Reproduce exactly the lines from the top of the records below through the line holding "Zdjęcie Kazimierz Surzyn - fotografia".

Dataset items:
/---

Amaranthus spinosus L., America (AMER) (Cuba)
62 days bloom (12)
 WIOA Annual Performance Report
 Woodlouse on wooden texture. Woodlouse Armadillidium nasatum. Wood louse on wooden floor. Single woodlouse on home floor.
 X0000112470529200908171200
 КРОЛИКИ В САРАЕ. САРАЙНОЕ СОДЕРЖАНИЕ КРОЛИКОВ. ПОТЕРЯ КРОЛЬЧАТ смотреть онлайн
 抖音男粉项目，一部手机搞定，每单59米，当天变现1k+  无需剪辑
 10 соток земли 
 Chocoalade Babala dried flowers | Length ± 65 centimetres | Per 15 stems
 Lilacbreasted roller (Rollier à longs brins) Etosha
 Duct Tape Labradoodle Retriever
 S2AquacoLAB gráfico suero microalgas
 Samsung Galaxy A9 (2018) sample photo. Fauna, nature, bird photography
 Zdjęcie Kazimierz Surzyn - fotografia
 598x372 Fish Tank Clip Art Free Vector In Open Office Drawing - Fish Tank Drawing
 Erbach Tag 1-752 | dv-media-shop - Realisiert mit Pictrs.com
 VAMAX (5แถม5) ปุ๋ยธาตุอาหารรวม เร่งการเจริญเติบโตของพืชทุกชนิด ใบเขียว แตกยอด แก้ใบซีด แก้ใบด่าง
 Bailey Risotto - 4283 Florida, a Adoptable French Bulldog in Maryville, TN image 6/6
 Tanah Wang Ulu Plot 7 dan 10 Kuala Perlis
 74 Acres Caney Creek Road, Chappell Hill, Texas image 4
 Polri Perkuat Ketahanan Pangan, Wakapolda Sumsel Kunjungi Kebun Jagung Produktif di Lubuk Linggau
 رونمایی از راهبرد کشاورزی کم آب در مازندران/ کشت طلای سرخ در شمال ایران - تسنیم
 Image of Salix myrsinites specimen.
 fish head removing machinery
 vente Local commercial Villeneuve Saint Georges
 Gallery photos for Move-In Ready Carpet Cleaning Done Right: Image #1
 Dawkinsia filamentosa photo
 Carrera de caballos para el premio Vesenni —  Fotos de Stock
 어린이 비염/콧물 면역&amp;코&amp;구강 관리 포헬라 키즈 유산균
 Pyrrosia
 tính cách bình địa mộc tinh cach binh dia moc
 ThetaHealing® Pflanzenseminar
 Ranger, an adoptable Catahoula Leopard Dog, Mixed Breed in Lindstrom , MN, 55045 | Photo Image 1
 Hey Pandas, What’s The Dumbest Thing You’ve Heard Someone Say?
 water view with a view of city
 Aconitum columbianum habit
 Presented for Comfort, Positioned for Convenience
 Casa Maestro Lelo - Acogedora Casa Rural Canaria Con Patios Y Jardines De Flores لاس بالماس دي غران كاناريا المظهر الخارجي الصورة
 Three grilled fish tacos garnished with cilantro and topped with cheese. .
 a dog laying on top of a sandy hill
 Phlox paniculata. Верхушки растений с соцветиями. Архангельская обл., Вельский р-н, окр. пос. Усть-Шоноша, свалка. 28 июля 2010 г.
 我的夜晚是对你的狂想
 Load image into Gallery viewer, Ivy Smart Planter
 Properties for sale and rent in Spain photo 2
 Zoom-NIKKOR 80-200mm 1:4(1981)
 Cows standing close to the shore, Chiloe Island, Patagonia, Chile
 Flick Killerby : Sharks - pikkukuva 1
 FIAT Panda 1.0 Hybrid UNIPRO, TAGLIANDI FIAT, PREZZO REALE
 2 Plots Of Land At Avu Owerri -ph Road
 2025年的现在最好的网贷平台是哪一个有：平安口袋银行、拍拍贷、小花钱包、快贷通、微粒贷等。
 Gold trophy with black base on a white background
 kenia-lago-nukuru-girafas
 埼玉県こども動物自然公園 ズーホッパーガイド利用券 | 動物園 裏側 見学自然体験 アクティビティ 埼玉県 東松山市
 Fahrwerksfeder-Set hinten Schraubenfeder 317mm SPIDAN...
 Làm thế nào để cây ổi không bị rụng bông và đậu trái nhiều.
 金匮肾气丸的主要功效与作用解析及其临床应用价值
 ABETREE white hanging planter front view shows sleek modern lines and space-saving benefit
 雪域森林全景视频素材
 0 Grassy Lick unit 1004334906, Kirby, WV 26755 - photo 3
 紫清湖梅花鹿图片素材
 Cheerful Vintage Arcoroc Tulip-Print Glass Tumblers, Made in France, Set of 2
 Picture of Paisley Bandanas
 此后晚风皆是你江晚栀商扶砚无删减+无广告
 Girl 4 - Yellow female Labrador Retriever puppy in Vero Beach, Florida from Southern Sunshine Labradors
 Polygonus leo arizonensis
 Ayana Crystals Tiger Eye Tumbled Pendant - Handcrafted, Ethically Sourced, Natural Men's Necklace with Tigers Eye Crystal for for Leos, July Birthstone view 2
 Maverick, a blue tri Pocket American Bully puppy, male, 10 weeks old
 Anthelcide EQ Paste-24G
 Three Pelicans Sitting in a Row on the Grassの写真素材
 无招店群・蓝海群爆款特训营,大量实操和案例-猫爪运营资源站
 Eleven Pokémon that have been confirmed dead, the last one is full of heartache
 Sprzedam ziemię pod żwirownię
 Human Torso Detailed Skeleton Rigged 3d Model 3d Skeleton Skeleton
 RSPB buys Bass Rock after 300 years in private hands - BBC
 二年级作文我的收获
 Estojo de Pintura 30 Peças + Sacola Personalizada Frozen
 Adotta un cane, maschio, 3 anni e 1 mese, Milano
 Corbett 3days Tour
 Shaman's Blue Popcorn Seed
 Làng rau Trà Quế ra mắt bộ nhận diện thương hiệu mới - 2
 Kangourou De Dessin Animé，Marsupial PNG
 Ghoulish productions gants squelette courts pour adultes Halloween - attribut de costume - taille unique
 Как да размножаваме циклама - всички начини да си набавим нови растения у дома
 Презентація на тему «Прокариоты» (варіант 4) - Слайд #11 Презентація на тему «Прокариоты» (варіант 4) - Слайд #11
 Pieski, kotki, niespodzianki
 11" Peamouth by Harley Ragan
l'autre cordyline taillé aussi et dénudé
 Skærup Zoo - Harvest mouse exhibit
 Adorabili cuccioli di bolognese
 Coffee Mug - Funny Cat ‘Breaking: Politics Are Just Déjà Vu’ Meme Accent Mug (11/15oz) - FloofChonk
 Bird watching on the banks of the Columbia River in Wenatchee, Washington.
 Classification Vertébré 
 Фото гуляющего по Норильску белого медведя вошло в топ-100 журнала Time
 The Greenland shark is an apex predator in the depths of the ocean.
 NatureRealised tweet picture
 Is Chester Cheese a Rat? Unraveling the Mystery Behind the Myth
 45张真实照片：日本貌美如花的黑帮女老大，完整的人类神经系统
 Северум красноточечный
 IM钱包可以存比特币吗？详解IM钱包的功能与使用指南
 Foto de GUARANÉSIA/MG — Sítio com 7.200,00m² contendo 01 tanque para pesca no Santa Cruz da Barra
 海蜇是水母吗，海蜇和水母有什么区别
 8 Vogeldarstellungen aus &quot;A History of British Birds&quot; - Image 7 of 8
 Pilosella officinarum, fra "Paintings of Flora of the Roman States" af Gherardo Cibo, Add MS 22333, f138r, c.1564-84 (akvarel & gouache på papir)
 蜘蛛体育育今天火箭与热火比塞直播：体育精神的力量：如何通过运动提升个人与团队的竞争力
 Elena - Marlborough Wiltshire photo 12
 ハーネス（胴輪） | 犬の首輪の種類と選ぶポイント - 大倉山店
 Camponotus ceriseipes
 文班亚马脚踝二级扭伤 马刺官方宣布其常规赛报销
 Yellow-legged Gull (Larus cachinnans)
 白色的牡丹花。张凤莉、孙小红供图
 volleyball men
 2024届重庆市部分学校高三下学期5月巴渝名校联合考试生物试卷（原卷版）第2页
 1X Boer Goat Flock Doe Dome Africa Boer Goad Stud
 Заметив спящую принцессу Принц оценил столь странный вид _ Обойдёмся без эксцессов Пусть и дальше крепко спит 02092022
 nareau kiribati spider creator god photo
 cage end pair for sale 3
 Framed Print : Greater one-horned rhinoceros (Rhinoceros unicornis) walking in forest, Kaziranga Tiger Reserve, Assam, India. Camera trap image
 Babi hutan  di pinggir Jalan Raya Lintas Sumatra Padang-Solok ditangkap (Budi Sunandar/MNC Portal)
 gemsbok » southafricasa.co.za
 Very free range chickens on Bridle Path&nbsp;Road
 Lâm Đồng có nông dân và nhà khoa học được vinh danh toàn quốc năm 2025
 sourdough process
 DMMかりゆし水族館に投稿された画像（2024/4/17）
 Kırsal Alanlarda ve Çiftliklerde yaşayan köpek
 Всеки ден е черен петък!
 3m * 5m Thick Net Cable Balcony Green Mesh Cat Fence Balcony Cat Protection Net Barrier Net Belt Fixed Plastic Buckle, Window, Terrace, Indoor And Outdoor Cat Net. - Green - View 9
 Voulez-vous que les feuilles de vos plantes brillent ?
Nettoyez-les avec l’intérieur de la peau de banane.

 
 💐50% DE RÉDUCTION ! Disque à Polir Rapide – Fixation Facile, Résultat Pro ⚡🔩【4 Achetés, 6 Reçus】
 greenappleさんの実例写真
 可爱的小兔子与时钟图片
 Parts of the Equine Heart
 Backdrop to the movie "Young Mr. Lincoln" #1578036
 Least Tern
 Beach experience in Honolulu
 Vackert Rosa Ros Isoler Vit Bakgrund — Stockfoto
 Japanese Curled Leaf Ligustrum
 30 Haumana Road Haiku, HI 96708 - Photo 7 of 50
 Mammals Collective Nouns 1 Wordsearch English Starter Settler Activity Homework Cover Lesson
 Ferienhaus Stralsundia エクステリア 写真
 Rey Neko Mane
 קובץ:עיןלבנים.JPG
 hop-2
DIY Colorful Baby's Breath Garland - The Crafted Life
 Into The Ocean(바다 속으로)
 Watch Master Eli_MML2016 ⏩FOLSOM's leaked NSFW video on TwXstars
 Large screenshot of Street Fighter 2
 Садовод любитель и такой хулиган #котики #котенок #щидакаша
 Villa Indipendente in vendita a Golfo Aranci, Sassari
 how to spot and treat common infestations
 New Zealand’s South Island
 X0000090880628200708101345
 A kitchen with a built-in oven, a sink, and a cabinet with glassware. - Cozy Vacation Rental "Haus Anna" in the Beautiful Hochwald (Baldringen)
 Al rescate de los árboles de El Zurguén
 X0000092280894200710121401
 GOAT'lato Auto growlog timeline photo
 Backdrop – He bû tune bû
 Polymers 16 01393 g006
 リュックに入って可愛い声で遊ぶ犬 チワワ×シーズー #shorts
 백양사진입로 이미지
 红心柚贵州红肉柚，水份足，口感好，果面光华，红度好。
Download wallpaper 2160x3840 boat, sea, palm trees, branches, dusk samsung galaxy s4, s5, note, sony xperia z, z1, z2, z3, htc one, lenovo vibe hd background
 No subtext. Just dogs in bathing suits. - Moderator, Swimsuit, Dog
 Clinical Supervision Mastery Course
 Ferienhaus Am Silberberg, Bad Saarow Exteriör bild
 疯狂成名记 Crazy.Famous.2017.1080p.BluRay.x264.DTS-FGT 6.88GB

\---

_Expected output_:
Amaranthus spinosus L., America (AMER) (Cuba)
62 days bloom (12)
 WIOA Annual Performance Report
 Woodlouse on wooden texture. Woodlouse Armadillidium nasatum. Wood louse on wooden floor. Single woodlouse on home floor.
 X0000112470529200908171200
 КРОЛИКИ В САРАЕ. САРАЙНОЕ СОДЕРЖАНИЕ КРОЛИКОВ. ПОТЕРЯ КРОЛЬЧАТ смотреть онлайн
 抖音男粉项目，一部手机搞定，每单59米，当天变现1k+  无需剪辑
 10 соток земли 
 Chocoalade Babala dried flowers | Length ± 65 centimetres | Per 15 stems
 Lilacbreasted roller (Rollier à longs brins) Etosha
 Duct Tape Labradoodle Retriever
 S2AquacoLAB gráfico suero microalgas
 Samsung Galaxy A9 (2018) sample photo. Fauna, nature, bird photography
 Zdjęcie Kazimierz Surzyn - fotografia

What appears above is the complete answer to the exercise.